In 1915, the head of Saint Joseph’s Orphanage, Father John Kekeisen started The Orphan’s Record as a monthly magazine. While not the most appealing of titles, it synthesized local news and essays from national figures. The first editors were two future diocesan chancellors, Fathers McGuire and De Hasque. Later, another important personality in Oklahoma Church history, Monsignor John Dudek, an accomplished writer, edited it until it ceased operations in 1922, giving way to The Catholic Home.
Joseph Quinn was the first editor and moved his family first to Hartshorne (where the publication took place at the Carmelite printing facility) and then to Oklahoma City. The Catholic Home was a weekly and lasted two years before the new bishop, Francis Kelley, changed the name to the Southwest Courier in 1924.
Quinn set out to make the newspaper an exemplary publication. From all accounts, he succeeded. He penned a brilliant weekly column “Fore and Aft,” which was said to have been the most widely quoted of any Catholic publication in America for the time. His obituaries of deceased priests were far from the bare recitation of facts and gave priceless insights into the person and their mark in the world.
Joseph Quinn retired in 1960. Upon his death in 1963, The Oklahoma Courier, as it was now known, offered this glowing opinion: “Mr. Quinn has been the single layman who did the most for the Church and our diocese. … He dedicated his entire adult life, a life possessed of many talents, to the establishment of the Church in Oklahoma.”

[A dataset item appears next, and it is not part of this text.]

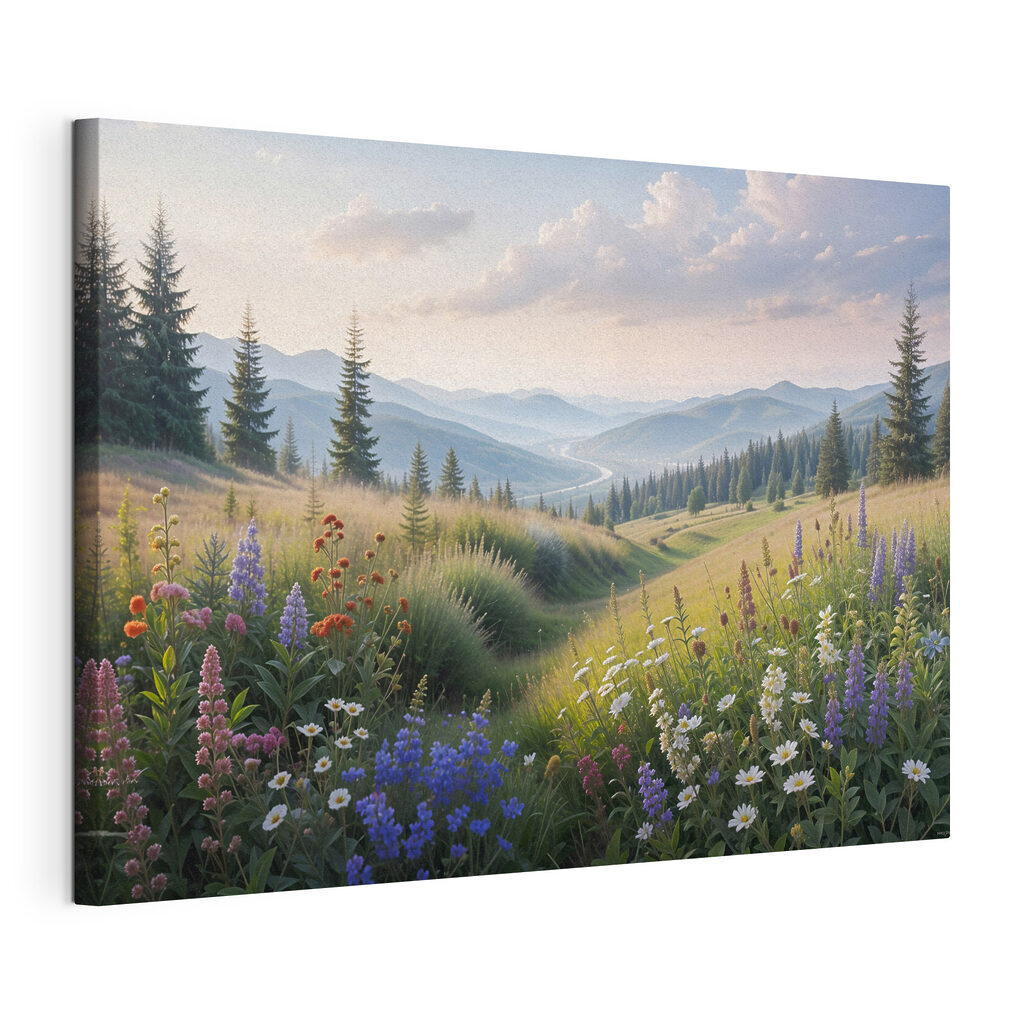 A field of flowers and trees A field of flowers and trees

The name change in 1960 to the Oklahoma Courier signaled a different era. Father John Joyce took the paper into a decidedly different direction. The tumultuous 1960s posed challenges for society and the Church. Some were not pleased with the stands taken by Father Joyce, especially his opposition to the Vietnam War although Bishop Reed had been one of the first bishops to decry the involvement of the United States in the war.
Since parishes had to pay for the Courier, many were furious with its content. Ironically, the Oklahoma Courier, which had been a champion of lay participation, was directed by the Pastoral Board (a board consisting of lay people and priests to work with the bishop on decisions affecting the diocese) to cease publication in 1969. Conservatives did not like the content and liberals objected to parishes paying for a publication many did not want.
Father Joyce started his own publication, The Oklahoma Observer, which he later sold to Frosty Troy. It became, primarily, a political opinion magazine that is still published today.
No diocesan publication existed until 1974 when Archbishop Quinn instructed Father David Monahan to start the Sooner Catholic, first as a bulletin then as a newspaper. Under Father Monahan’s direction, it again became a vibrant voice for the new archdiocese just recently created in February of 1973. Jeanne Devlin became editor in 1994, Ray Dyer in 2002 and Tina Korbe Dzurisin briefly in 2013.
In 2014, the current editor, Diane Clay, became editor of the Sooner Catholic. Using her 20 years of journalism experience, and with the design talent of Managing Editor Dana Attocknie, the newspaper has gained numerous local and national Catholic media awards.
Much of the success of the Sooner Catholic can be attributed to the journalists who came before who possessed a deep and abiding desire to help Catholicism grow and prosper in Oklahoma.